An R Introduction to Statistics

Kendall Rank Coefficient

The correlation coefficient is a measurement of association between two random variables. While its numerical calculation is straightforward, it is not readily applicable to non-parametric statistics.

For example, in the data set survey, the exercise level (Exer) and smoking habit (Smoke) are qualitative attributes. To find their correlation coefficient, we would have to assign artificial numeric values to the qualitative data, which is not very elegant to say the least.

A more robust approach is to compare the rank orders between the variables. For example, suppose student A exercises more than student B in the data set survey. We can check whether it is also the case that student A smokes more than student B. If so, then A and B would have the same relative rank orders, and we say that A and B are concordant pairs with respect to the random variables Exer and Smoke. If student A turns out to smoke less than student B, then we say that A and B are discordant pairs.

Intuitively, it is clear that if the number of concordant pairs is much larger than the number of discordant pairs, then the random variables are positively correlated. If the number of concordant pairs is much less than discordant pairs, then the variables are negatively correlated. Finally, if the number of concordant pairs is about the same as discordant pairs, then the variables are weakly correlated. As a result, the Kendall rank correlation coefficient between the two random variables with n observations is defined as:

τ = (number--of-concordant pairs)--(number-of discordant pairs)
                          n(n- 1)∕2

To find the Kendall coefficient between Exer and Smoke, we will first create a matrix m consisting only of the Exer and Smoke columns. Then we apply the function cor with the "kendall" option. In order to filter out missing survey values, we set the use option as "pairwise.complete.obs". The computation shows that the Kendall coefficient between Exer and Smoke is 0.083547, which is pretty close to zero. Hence the student exercise level and smoking habit are weakly correlated variables.
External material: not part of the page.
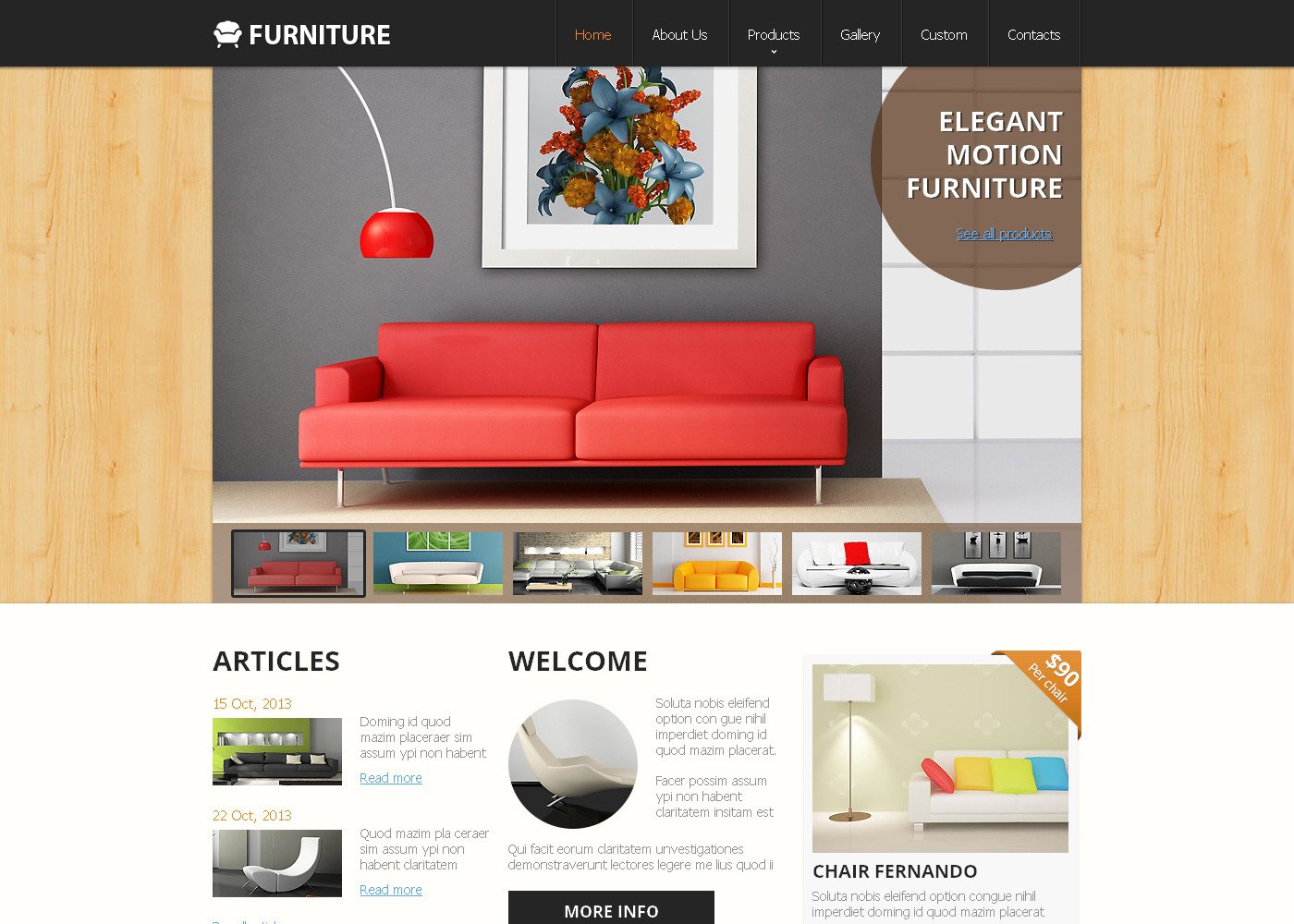 Furniture Responsive site Template TemplateMonster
> smoke <- as.numeric(factor(survey$Smoke, 
+     levels=c("Never","Occas","Regul","Heavy"))) 
> exer <- as.numeric(factor(survey$Exer, 
+     levels=c("None","Some","Freq"))) 
 
> m <- cbind(exer, smoke) 
> cor(m, method="kendall", use="pairwise") 
          exer    smoke 
exer  1.000000 0.083547 
smoke 0.083547 1.000000

Computation of the Kendall coefficient is very time consuming. For a random data set with 24 variables and 4,000 observations, it takes about 2 minutes to calculate the Kendall correlation coefficients on an AMD Phenom II X4 CPU.

> test.data <- function(dim, num, seed=17) { 
+     set.seed(seed) 
+     matrix(rnorm(dim * num), nrow=num) 
+ } 

> m <- test.data(dim=24, num=4000) 
> system.time(cor(m, method="kendall")) 
  user  system elapsed 
91.620   0.010  91.624

The computation time is drastically reduced for an NVIDIA GTX 460 GPU. If we load the rpud package with the rpudplus add-on, and compute the same Kendall correlation coefficients using the function rpucor, the execution time takes only about 0.5 seconds.
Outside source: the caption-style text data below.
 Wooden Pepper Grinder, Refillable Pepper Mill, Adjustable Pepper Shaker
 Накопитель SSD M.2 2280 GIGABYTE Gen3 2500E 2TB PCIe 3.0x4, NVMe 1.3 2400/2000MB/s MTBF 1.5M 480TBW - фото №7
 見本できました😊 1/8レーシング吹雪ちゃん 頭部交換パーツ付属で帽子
> library(rpud)                  # load rpudplus 
> system.time(rpucor(m, method="kendall")) 
   user  system elapsed 
  0.560   0.000   0.559

Here is a chart that compares the performance between AMD Phenom II X4 and NVIDIA GTX 460 for finding the Kendall rank coefficient.

PIC

Exercises

  1. Run the performance test with more variables and observations.
  2. Find the Kendall correlation coefficients of the data set survey with various options for handling missing values, such as “everything” (default), “all.obs”, “complete.obs”, “na.or.complete”, and “pairwise.complete.obs“.